The reply should hold only the lines from the one with "Damomo Juego de" to the one with "Tefal Heißluftfritteuse Easy", both ends kept, exactly as they appear below, without any pictures.

Data provided:
↓

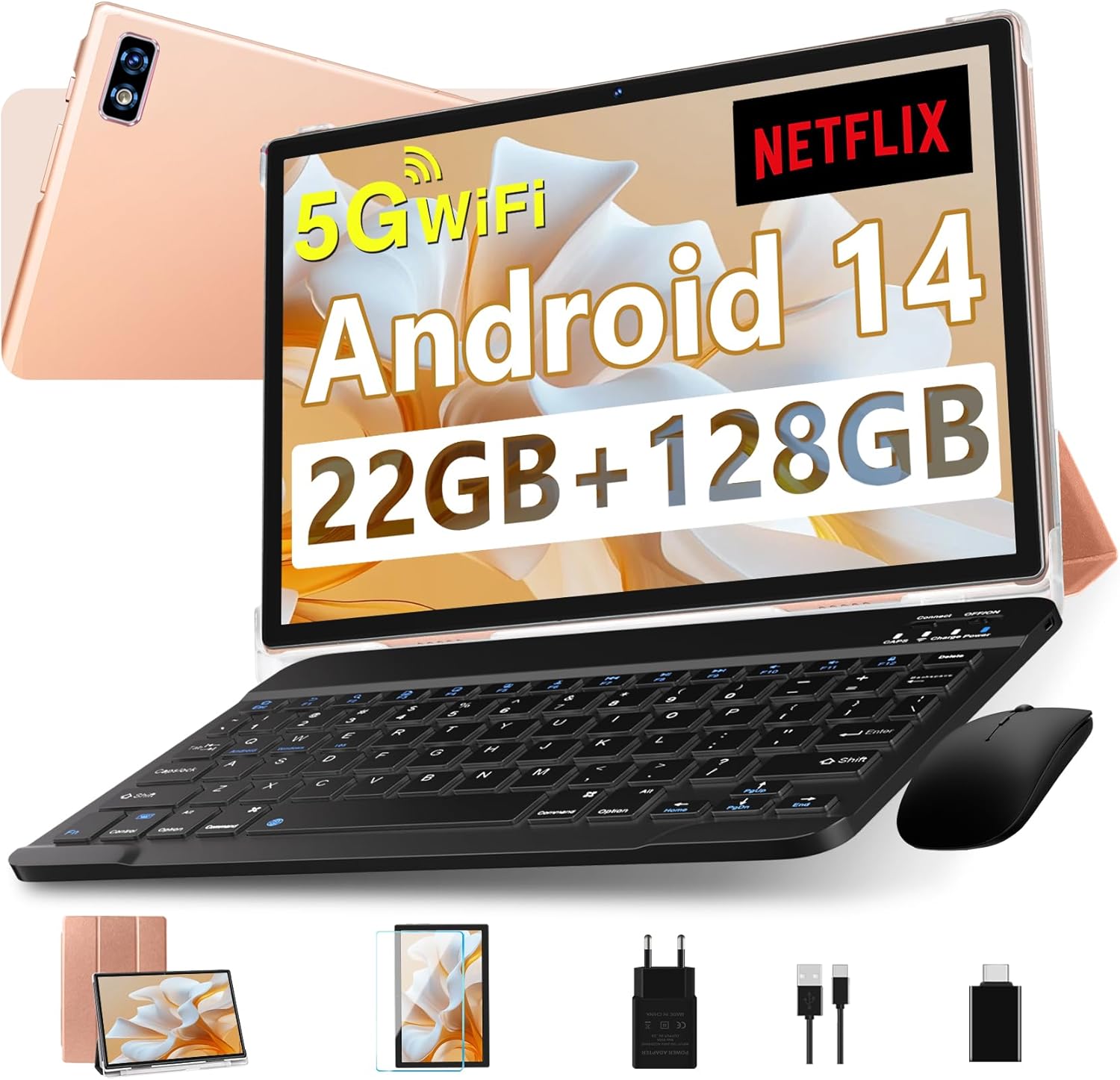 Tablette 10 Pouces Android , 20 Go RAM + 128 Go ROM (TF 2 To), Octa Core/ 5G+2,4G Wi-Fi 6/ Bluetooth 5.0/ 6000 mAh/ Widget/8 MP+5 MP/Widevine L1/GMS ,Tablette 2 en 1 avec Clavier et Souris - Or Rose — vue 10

↑
↓

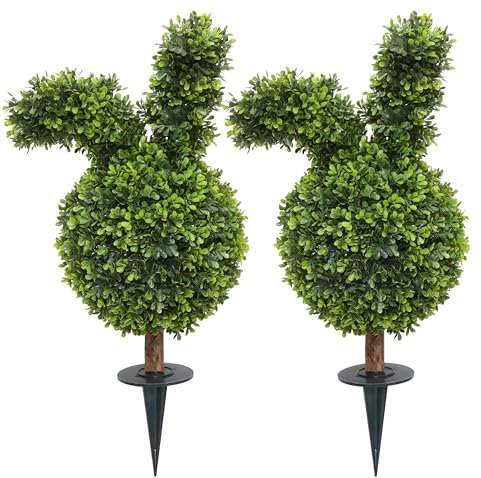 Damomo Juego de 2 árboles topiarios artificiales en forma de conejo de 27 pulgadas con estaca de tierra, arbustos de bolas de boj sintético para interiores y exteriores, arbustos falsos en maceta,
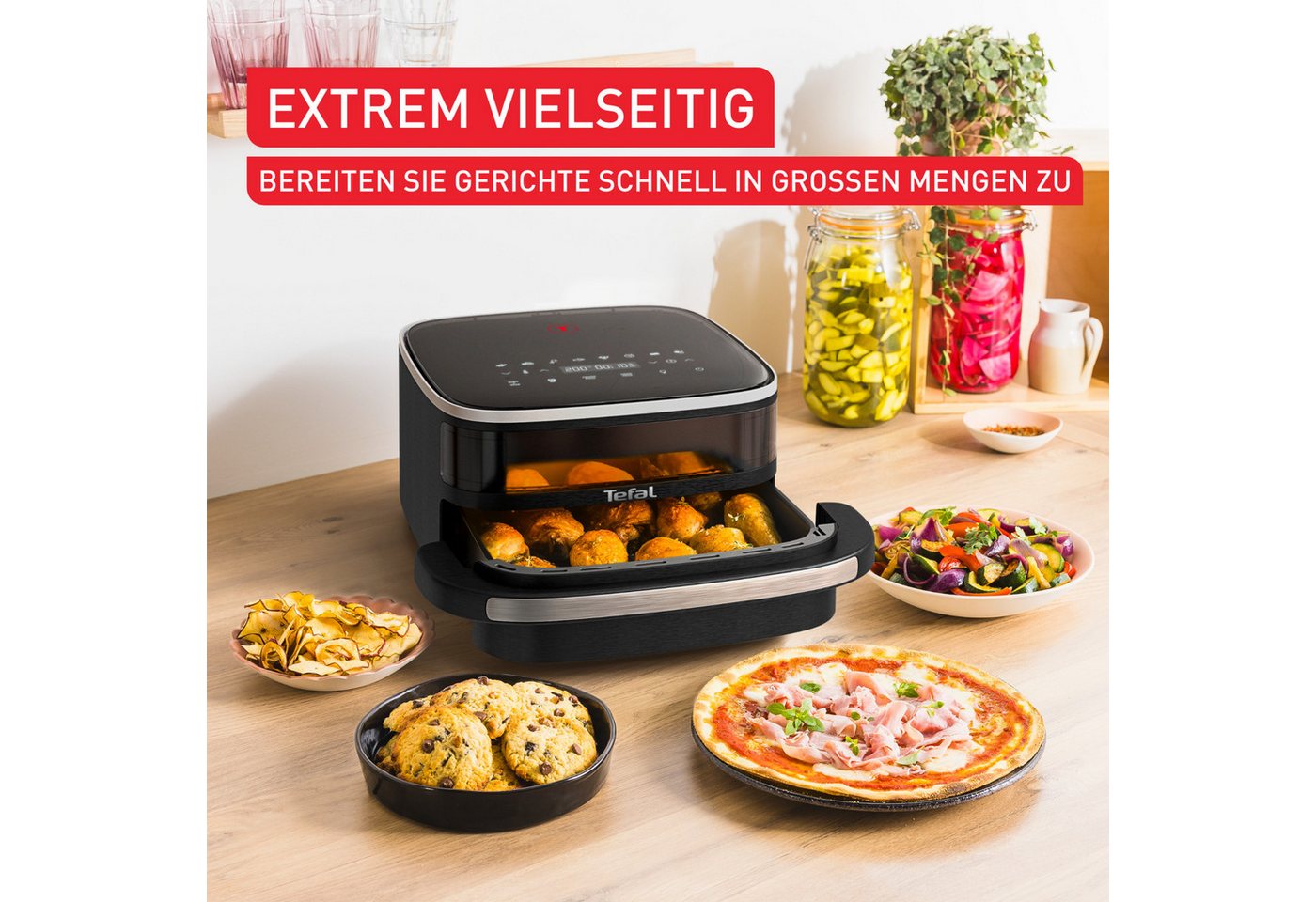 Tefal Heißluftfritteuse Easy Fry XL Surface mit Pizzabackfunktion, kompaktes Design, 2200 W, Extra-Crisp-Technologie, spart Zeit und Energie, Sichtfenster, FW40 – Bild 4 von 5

↑
↓

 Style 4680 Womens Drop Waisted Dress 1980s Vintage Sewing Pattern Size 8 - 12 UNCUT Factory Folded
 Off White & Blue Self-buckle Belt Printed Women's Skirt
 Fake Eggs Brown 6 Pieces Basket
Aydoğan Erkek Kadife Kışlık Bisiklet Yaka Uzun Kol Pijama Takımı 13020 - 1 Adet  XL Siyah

↑

Problem solution:
 Damomo Juego de 2 árboles topiarios artificiales en forma de conejo de 27 pulgadas con estaca de tierra, arbustos de bolas de boj sintético para interiores y exteriores, arbustos falsos en maceta,
 Tefal Heißluftfritteuse Easy Fry XL Surface mit Pizzabackfunktion, kompaktes Design, 2200 W, Extra-Crisp-Technologie, spart Zeit und Energie, Sichtfenster, FW40 – Bild 4 von 5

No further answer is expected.